We are experiencing a problem with webMethods 9.0 and Nirvana 9.0. Both are installed on the same Windows 2008 R2 Server.
We have created several Queues on the Nirvana Server, and on the Integration Server created corresponding JMS Triggers. What we found is that when these JMS Triggers are enabled, the CPU on the Windows Server jumps to 100% immediately. If we view Windows Task Manager and sort the Processes tab by “percent utilized”, there are two java.exe processes at the top which are using 100% of the CPU. The Nirvana java.exe process uses ~65% while the Integration Server java.exe process uses ~35%. Now, if we go into the Integration Server admin page and disable all the JMS Triggers, the CPU usage on the Windows Server immediately drops to almost 0%.
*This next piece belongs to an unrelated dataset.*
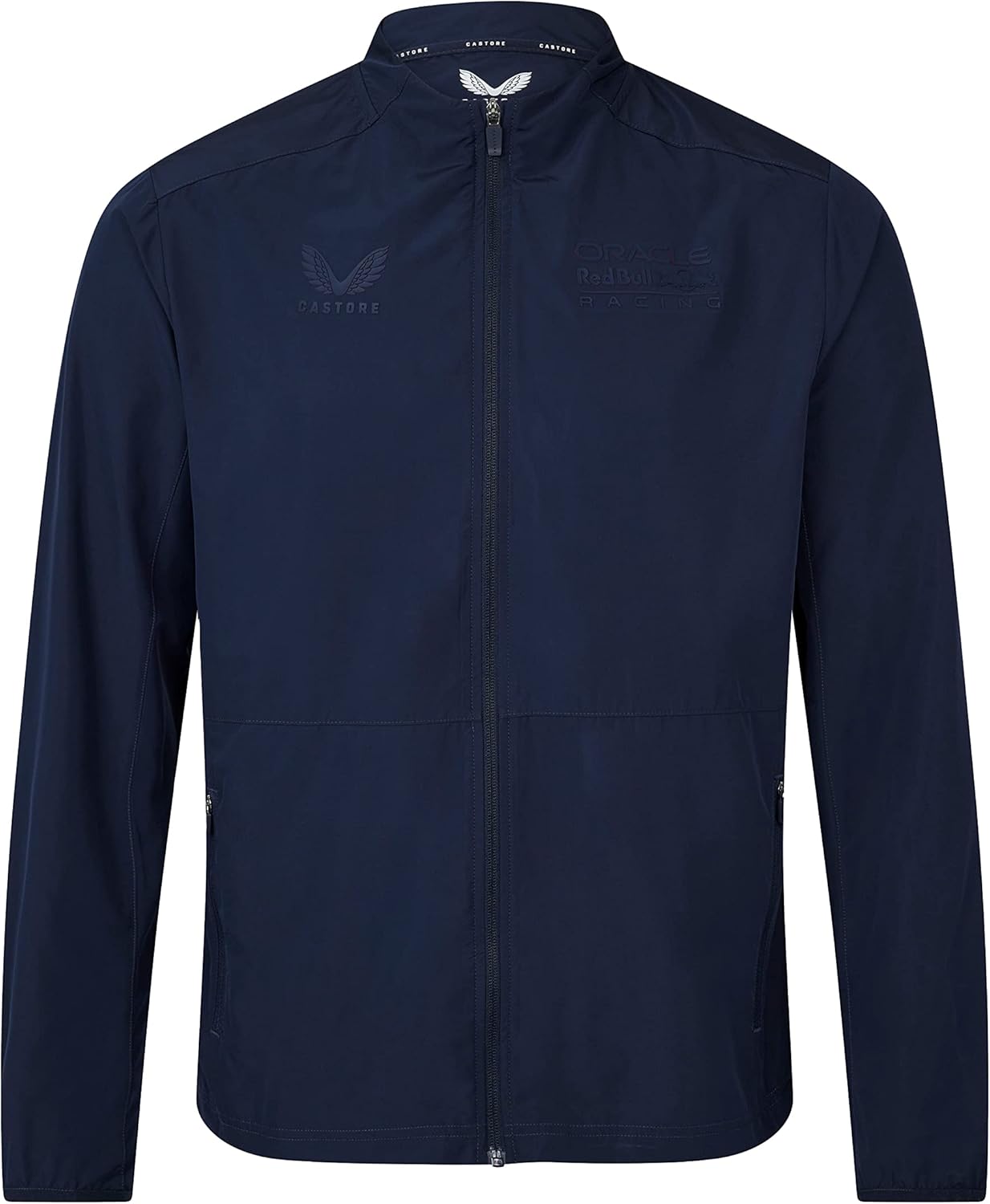 Red Bull Racing Castore F1 Men's Windbreaker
I have combed through log files on both the Integration Server and the Nirvana Server without finding anything of note. The only thing that has jumped out at me is something I see in Universal Messaging Enterprise Manager: If I click on the “nirvana” realm and then the “Monitoring” tab, and then click the “Threads” tab, I see two large numbers continuing to increase:
Buffers Reused = 2407420557
ReadPool = 802539376
The above is just a snapshot of the numbers right now. If I disable those the JMS triggers, the numbers stop increasing. I have no idea if this activity is what’s causing the CPU to peg though.
Has anyone seen anything like this before? In past years, we used IS + Broker, and only recently have started using Nirvana in place of Broker. So we’re still very much novices when it comes to Nirvana.
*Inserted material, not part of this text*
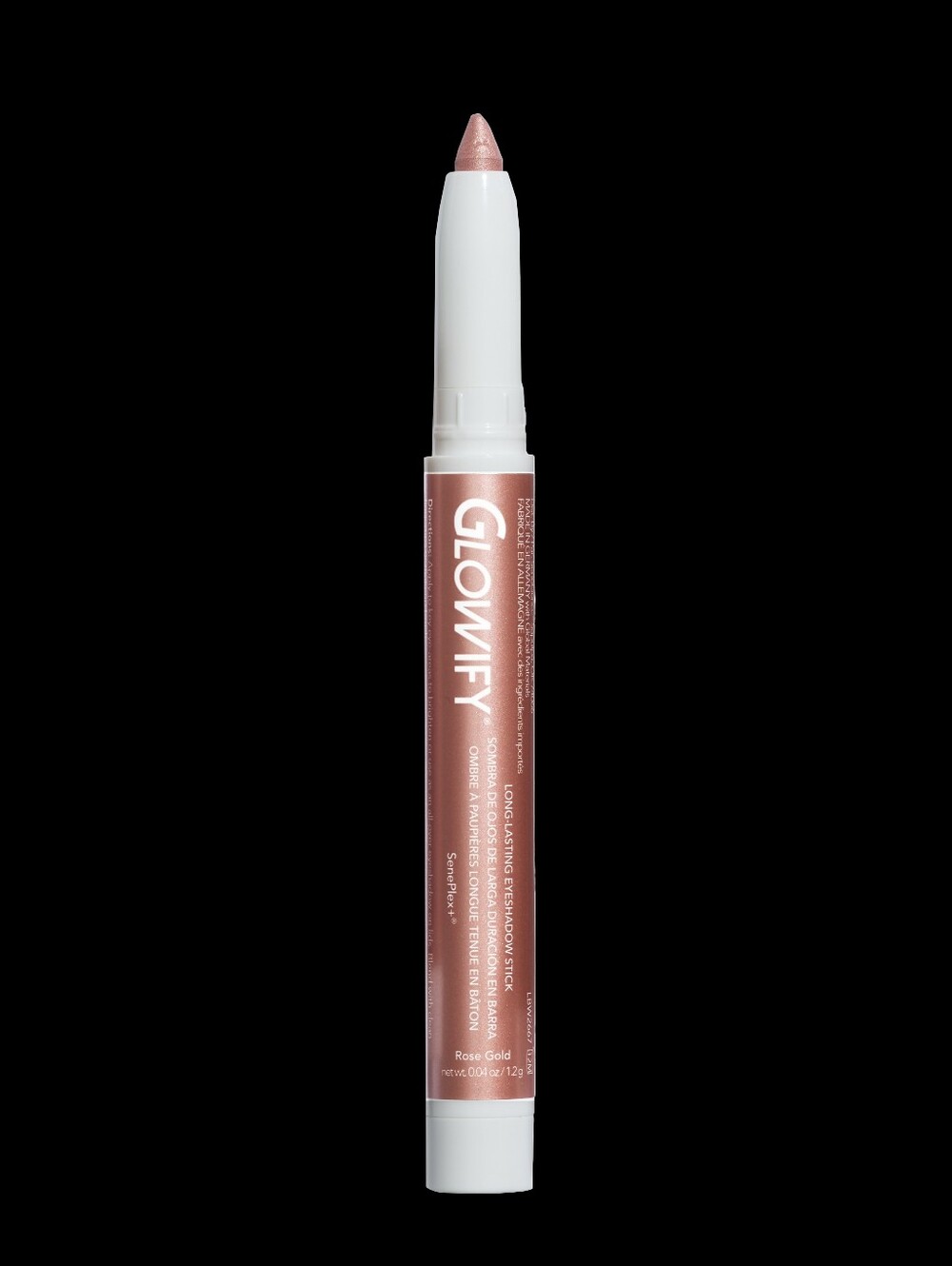 ROSE GOLD GLOWIFY Eyeshadow Stick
Thanks very much for any thoughts, comments, ideas, etc.
on IS, Server > Statistics > System Threads
check “Show threads that can be canceled or killed at the top of the list.”
see what’s running there.
Also Server > Service Usage, see which service is running.
hope you can identify what’s running all the time
Yes that is the best way to check the system threads vs what currently running more threads and slowing the process down…Nirvana replacing broker I think it still need to reach Broker style level in the future releases.
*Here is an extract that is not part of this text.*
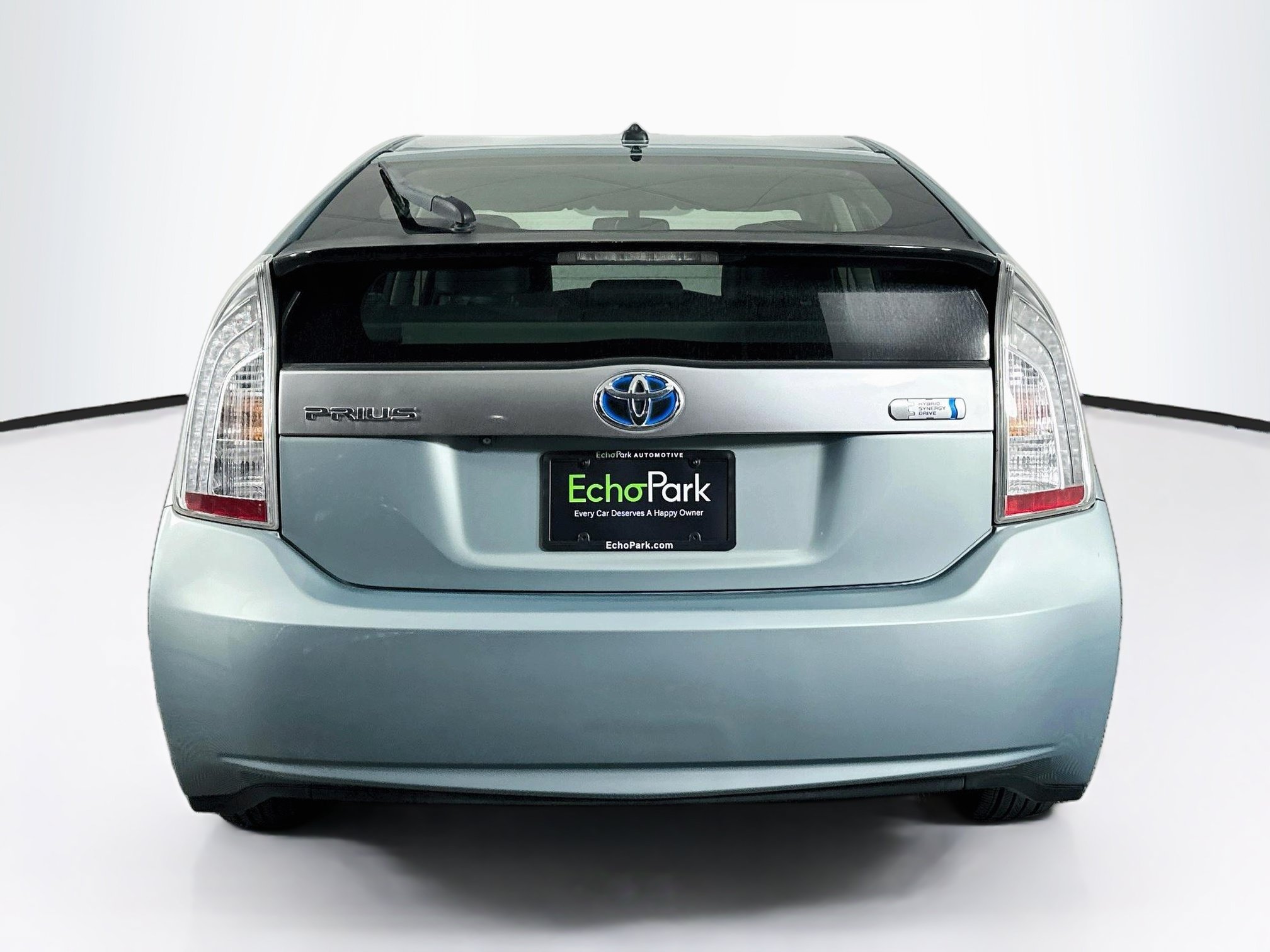 Used 2014 Toyota Prius Prime Advanced FWD image 7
The IS Service usage is zero right now. There are no services actively running.
I’ve looked at the IS System Thread page, and attached a screenshot of the threads that have names which indicate relevance to Nirvana. When I disabled all the JMS Triggers, all but three of these threads go away.
I’ve noted that enabling just a single JMS Trigger results in constant 50% CPU utilization. Enabling a second JMS Trigger takes the utilization to almost 100%. What seems to be happening is a constant back and forth “thrashing” between IS and Nirvana, but I can’t imagine this is normal/expected behavior.
Please let me know if you can think of anything else to look at or try. Any help is much appreciated.
I would say please open a service request with SAG support as the issue seems between and IS and Nirvana layer and they can look more in to your environment and advise accurate.
Separate from that, I have continued to troubleshoot this and experiment on my end. I have found that this CPU issue is specific to Queues. What I noticed is that if I delete all the Queues and recreate them as Topics, then there is no CPU problem. I can enable all the JMS Triggers in IS (pointing to Topics) and the CPU utilization barely moves.
That said, I’m not sure I can leave things this way as I for consumed events to be removed immediately, and I believe that behavior is unique to a Queue… not sure I can emulate that with a Topic.
If I find a resolution or make additional discoveries, I will report back here.
OK…Good observation…there could be a fix related to it please touch base with SAG support also as there might be some additional daemon threads going on behind with the queues setup.
I wanted to circle back on this and provide an update. After working with SAG support, we determined that this problem was a known issue, and thankfully there is a resolution. We installed the following fix:
IS_9.0_SP1_Core_Fix1
…and this resolved the problem. We actually installed “Fix4”, which includes “Fix1”.